Бан Чан посмотрел на него, на его лицо, освещённое разноцветными вспышками, в котором читалось смешанное чувство восторга и робости. И понял, что он здесь не для того, чтобы кататься. Он здесь, чтобы позволить Чонину наверстать упущенное детство. Чтобы дать ему ту беспечность, которой у него никогда не было.
— Поехали, — просто сказал Бан Чан, взяв его за руку и потянув к кассе.
Они сели на двух соседних лошадках — Чонин выбрал вороного с развевающейся гривой, Бан Чан — более спокойного белого. Зазвучала дребезжащая, волшебная музыка, и платформа плавно тронулась. Мир начал кружиться. Огни парка слились в разноцветные полосы, ветер трепал волосы.
Чонин сначала сидел напряжённо, крепко держась за шелковистый шест. Потом, по мере набора скорости, его лицо начало меняться. Напряжение сменилось удивлением, а потом — чистой, безудержной радостью. Он рассмеялся. Звонко, по-детски, запрокинув голову. И этот смех, прорывающийся сквозь шум музыки, был для Бан Чана дороже любой песни, любого хита, любого контракта.
Бан Чан не смотрел по сторонам. Он смотрел на Чонина. На его сияющие глаза, на развевающиеся волосы, на улыбку, которая наконец-то была настоящей, лёгкой, без намёка на груз проблем или заботу о других. Он видел в нём не младшего сэмня, не стажёра, а просто человека, открывающего для себя простое чудо. И в этот момент его собственная усталость, его тревоги, его чувство вины за всех и вся — всё это отступило, растворилось в этом вихре света и этого смеха.
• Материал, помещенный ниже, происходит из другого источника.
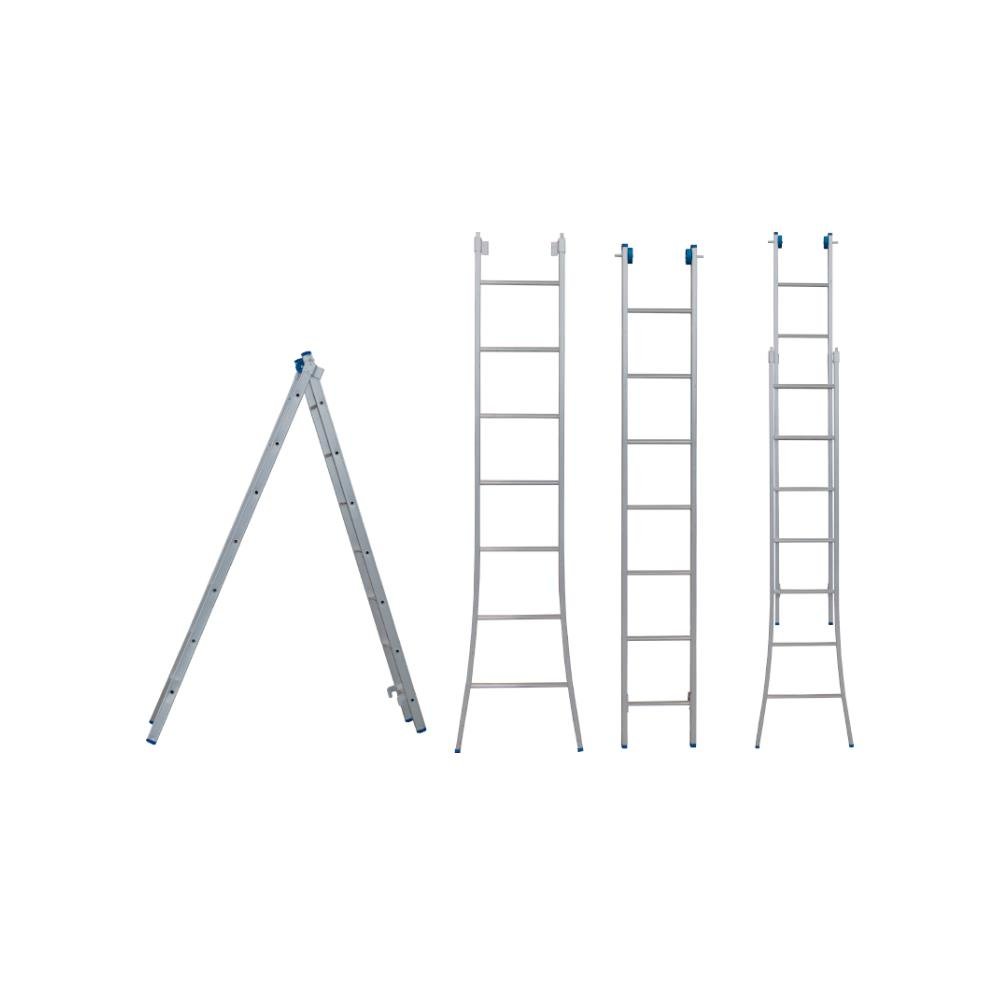 Escada De Alumínio Extensiva 7 Degraus 3X1 Profissional suporta 120Kg Alumasa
Когда карусель замедлилась и остановилась, Чонин, запыхавшийся и счастливый, спрыгнул с лошадки. Он подошёл к Бан Чану, всё ещё сидевшему на своём белом коне.
—Спасибо, — прошептал он, его глаза блестели ярче любой лампочки в парке.
—За что? — хрипло спросил Бан Чан, слезая.
—За то, что не сказал, что это глупо. За то, что был рядом.
Бан Чан ничего не ответил. Он просто обнял его за плечи, прижал к себе на секунду, вдохнув запах его волос, смешанный с запахом жареного теста и вечернего воздуха. Им не нужны были слова. Вращающийся мир вокруг был их лучшим признанием.
Сынмин и Чанбин на реке Хан
Они встретились на том же мосту, где когда-то говорили о «Цветке зла». Ночь была тёплой, ветрено. Река несла в своих тёмных водах отражения неоновых реклам, разрывая их в клочья.
Сынмин пришёл первым. Он стоял, опершись на перила, и смотрел вниз, но видел не воду. Он видел лицо Чанбина на уроке, его серьёзные глаза, когда тот говорил о царских детях. Видел в них не ученика, а равного. Человека, который понял. И это понимание было страшнее любой страсти.
Шаги за спиной заставили его обернуться. Чанбин. В своей неизменной кожанке, руки в карманах. Он подошёл и встал рядом, не касаясь его.
—Ты позвал, — сказал он просто.
Сынмин кивнул. Голос у него сел, словно пересох.
—Да. Я… мне нужно было тебя видеть. После сегодняшнего.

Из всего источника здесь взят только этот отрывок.